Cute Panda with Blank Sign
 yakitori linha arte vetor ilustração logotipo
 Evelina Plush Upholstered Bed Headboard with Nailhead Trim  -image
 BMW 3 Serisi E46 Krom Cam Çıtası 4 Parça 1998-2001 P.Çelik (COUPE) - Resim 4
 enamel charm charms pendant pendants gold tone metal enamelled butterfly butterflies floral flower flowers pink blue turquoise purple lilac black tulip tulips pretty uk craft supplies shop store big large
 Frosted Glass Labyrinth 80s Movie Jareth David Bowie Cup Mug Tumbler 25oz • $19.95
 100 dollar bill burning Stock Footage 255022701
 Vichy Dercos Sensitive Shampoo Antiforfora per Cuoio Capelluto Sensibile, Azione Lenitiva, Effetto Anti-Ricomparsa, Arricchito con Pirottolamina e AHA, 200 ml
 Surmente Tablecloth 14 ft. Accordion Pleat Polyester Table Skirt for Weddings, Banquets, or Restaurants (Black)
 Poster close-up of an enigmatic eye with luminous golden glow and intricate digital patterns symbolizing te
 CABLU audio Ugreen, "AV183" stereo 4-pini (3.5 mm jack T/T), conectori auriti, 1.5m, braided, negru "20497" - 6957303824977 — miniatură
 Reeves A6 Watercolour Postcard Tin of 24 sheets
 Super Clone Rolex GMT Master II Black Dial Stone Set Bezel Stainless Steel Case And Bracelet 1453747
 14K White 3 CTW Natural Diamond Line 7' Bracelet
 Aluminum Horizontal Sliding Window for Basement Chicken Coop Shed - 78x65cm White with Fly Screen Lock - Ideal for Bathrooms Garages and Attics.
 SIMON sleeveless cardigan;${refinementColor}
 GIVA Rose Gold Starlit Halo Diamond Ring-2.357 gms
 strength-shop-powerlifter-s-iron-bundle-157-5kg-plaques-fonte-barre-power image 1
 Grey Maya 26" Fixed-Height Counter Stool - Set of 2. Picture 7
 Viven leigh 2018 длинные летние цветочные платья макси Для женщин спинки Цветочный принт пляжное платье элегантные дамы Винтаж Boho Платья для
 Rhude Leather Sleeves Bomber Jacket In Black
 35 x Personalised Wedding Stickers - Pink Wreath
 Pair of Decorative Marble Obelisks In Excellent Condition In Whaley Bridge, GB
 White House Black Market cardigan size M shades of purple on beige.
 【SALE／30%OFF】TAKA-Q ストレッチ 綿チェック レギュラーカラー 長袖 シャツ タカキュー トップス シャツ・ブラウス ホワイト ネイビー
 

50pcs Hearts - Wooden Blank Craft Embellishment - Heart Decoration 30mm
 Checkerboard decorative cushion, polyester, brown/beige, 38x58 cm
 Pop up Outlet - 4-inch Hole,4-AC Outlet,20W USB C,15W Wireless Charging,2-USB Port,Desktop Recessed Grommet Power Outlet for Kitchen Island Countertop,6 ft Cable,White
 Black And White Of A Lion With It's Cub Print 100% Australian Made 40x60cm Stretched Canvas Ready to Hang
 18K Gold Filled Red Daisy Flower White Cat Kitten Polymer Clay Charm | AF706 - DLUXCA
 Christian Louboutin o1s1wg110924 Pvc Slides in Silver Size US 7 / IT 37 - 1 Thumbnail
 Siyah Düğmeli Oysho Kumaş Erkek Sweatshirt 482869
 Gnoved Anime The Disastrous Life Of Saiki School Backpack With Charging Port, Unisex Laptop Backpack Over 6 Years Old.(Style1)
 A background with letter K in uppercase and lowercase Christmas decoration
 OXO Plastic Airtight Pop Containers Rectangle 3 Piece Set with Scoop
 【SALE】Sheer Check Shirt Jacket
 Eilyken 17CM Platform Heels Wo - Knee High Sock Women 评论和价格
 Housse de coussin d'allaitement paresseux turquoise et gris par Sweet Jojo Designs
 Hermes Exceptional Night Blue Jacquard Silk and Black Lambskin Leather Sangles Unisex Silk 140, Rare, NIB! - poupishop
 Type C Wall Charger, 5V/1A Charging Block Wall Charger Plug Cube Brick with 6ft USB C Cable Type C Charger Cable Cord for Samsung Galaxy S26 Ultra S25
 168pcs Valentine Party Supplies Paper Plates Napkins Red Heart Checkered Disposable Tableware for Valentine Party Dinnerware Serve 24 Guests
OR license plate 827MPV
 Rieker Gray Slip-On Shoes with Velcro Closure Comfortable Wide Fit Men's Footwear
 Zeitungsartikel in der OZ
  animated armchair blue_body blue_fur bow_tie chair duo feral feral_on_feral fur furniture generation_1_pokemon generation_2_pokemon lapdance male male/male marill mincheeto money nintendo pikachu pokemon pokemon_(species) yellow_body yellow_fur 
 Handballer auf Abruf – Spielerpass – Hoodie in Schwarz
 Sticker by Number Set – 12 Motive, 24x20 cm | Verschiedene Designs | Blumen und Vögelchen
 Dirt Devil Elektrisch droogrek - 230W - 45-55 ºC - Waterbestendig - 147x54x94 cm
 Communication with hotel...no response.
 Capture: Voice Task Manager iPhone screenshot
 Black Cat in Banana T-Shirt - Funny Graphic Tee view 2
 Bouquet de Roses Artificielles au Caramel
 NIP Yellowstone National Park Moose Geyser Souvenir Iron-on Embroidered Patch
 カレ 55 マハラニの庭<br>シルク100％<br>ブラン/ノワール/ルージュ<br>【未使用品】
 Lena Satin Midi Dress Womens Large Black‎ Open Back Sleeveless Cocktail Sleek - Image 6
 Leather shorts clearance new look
++++++
> [EXERCISE BRIEF]
Each line in the entries above, starting at the line with "Christian Louboutin o1s1wg110924" and ending at the line with "Gnoved Anime The", is to be printed exactly, and only those lines.

> [WRITTEN SOLUTION]
 Christian Louboutin o1s1wg110924 Pvc Slides in Silver Size US 7 / IT 37 - 1 Thumbnail
 Siyah Düğmeli Oysho Kumaş Erkek Sweatshirt 482869
 Gnoved Anime The Disastrous Life Of Saiki School Backpack With Charging Port, Unisex Laptop Backpack Over 6 Years Old.(Style1)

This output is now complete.